Gossage - The Gossage Soap Company

The Gossage Soap Company

After their enormous success with silicated soap, the company faced a new threat from 1884. This was William Hesketh Lever's Sunlight soap. The new Sunlight was a technical and commercial novelty. Gossage's response was to produce their own similar soap, also wrapped, branded and advertised. This was 'Magical', whose logo included a wizard, and mystical symbols, such as crescent moons. This was successful, but other competitors also entered the market, such as Crosfields of Warrington and Hazelhursts of Runcorn. In the early 1900s Lever's empire purchased Hudson's soap flake business.
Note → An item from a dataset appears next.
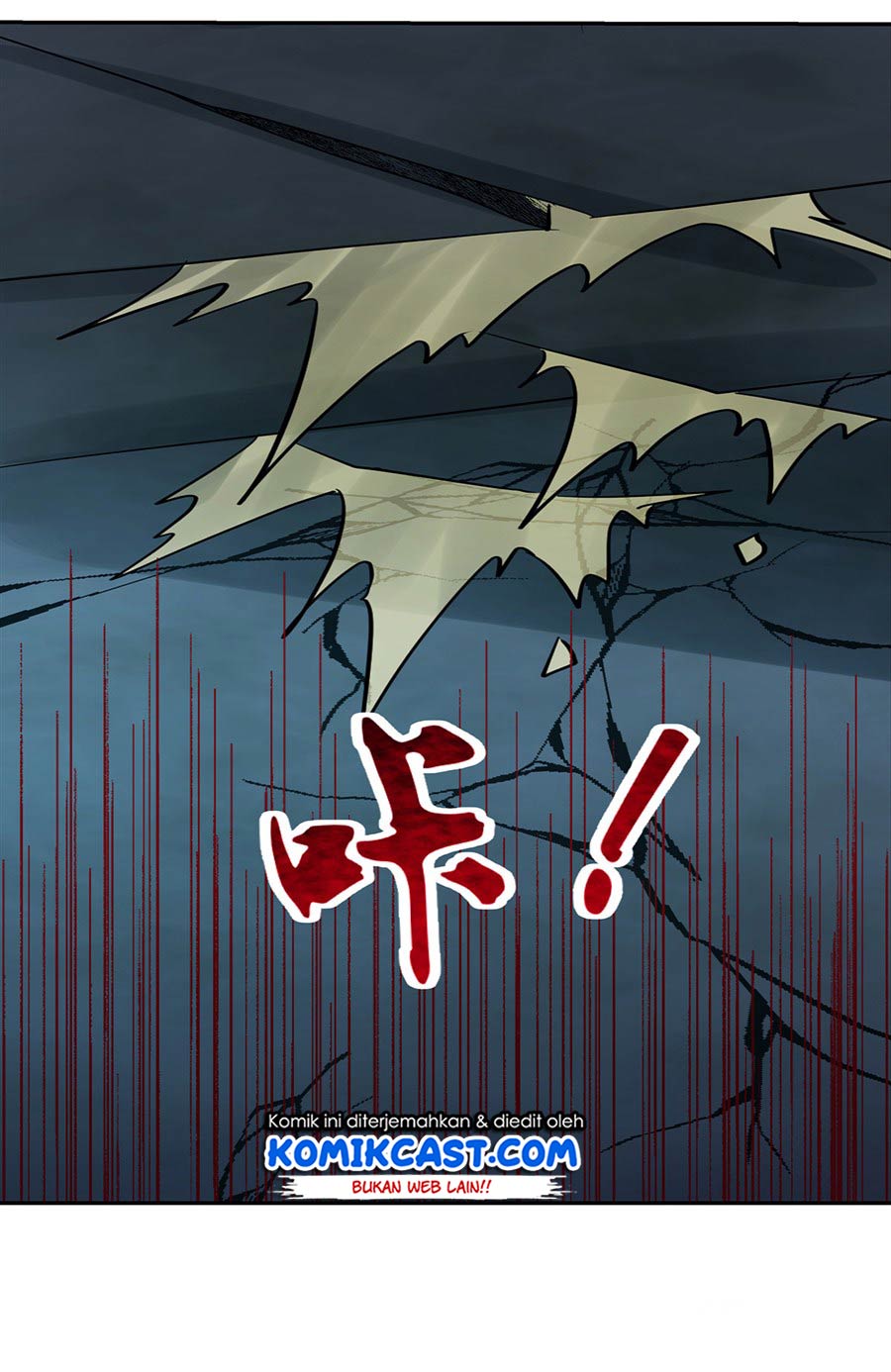 The Demon King Who Lost His Job Chapter 33 - halaman 15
Hudson's soap flakes had been made under contract by Gossage's. Lever moved production to Port Sunlight. Gossages soon produced an own brand soap flake. Unfortunately, Lever claimed they were using Hudson's (now Lever's) proprietary recipes- and sued the Gossage company. The resulting law suit damaged Gossage's finances and reputation. In 1910-1911, they were taken over by the Bruner-Mond company, alkali makers. During the Great War (1914-18) the company produced glycerine for the war effort. In peacetime, competition resumed. Brunner-Mond sold Gossages and other soap companies to Lever, under an agreement: they would exit the soap market, and Lever would not make his own alkali, instead buying it from Brunner-Mond at preferable rates. So, by 1923, after complex negotiations, the Gossage factory became a Lever property. By 1932, Lever Bros had joined with the Margarine Union of the Netherlands to form Unilever. By that year, 'Magical', and other brands were basically slight variants of 'Sunlight'. So, rationalisation meant the closure of the Widnes plant, and concentration of soap production at Port Sunlight. The factory was demolished, save for the office buildings, which lay derelict for many years. From the 1980s they have formed the core of Catalyst Museum of the Chemical Industry. The waste ground near the Gossage Buildings formed the site of the Spike Island Festival of 1990.